Queensland government-owned CS Energy has already secured a deal to buy 100% of the output of the Columboola Solar Farm in Queensland. Image: Image: CS Energy/Twitter.
Queensland’s three state-owned energy generators will be able to increase their ownership of commercial renewable projects thanks to a new AU$500 million (US$364.45 million) green energy fund announced yesterday.
Forming part of the Australian state’s AU$1 billion COVID-19 recovery package, the renewables investment will enable CS Energy, Stanwell Corporation and CleanCo Queensland to explore commercial partnerships, look at power purchase agreements or build, own and operate green energy facilities, a spokesperson told PV Tech.
While there are no specific projects in mind, Queensland energy minister Anthony Lynham said the funding will enable more renewable projects to get through the investment decision phase to get construction underway “as soon as possible”.
“The fund will complement our AU$145 million commitment to establish three renewable energy zones to foster jobs and growth in regional Queensland,” he said.
Renewables currently represent around 20% of the Sunshine State's energy mix, and the government has set a target to increase that share to 50% by 2030. Since 2015, 41 large-scale renewable energy projects have commenced operations, started construction or been financially committed.
While Queensland was the leading Australian state for large-scale solar development in 2018, renewable energy association Clean Energy Council notes that only three large-scale projects were financially committed in the 18 months between January 2019 and June 2020, down from 19 in 2017.

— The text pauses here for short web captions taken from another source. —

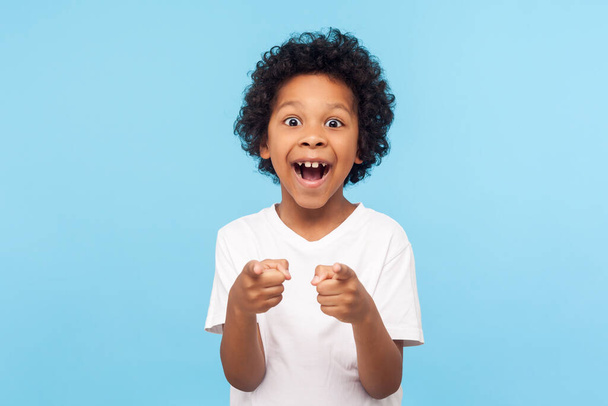 Hey you! Portrait of happy little boy with curly hair pointing f - Фото, зображення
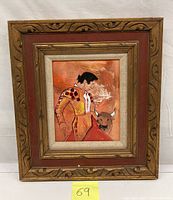 Front view of framed oil painting showing bullfighter and bull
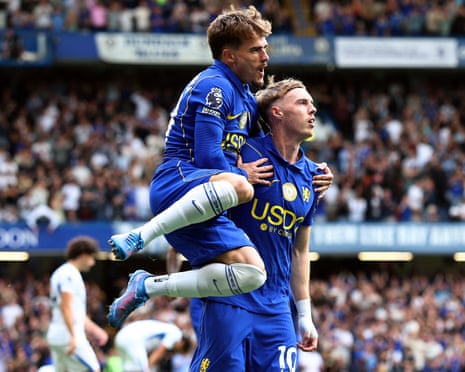 The Chelsea winger Pedro Neto (left) leaps on to the back of his teammate Cole Palmer (right) after Palmer's goal in a 4-3 home Premier League win against Brighton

"This new fund will be a big shot in the arm for clean energy investment in Queensland, which has otherwise slowed since the start of 2019," said Clean Energy Council chief executive Kane Thornton.

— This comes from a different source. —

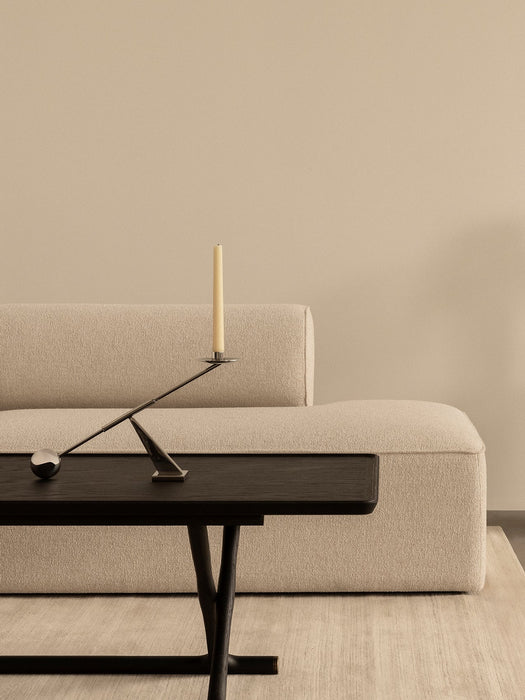 A black Jäger Lounge Table with an Interconnect Candle Holder, placed in front of a beige Eave Modular Sofa in a calm room.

He added: “We welcome the very clear recognition by the Queensland government that the renewable energy sector can play a big role in jumpstarting economic activity and jobs across the state following the impacts of COVID-19 while accelerating Queensland's transition to becoming a clean energy powerhouse.”
Additional renewable energy activity by Queensland’s state-owned energy companies have come to light in recent months, with CleanCo agreeing to buy power from Neoen’s Western Downs Green Power Hub, a project that is intended to be Australia’s largest operational solar farm once complete. CS Energy, meanwhile, will purchase 100% of the output from the 162MW Columboola Solar Farm and sell it on to commercial and industrial retail customers.
Queensland is the latest Australian state to include renewables as part of efforts to drive the economic recovery from the effects of coronavirus. Western Australia has lined up a AU$66.3 investment million on green energy technologies, including the installation of nine battery energy storage systems, while Victoria has launched a market sounding process to explore the addition of at least 600MW of renewables.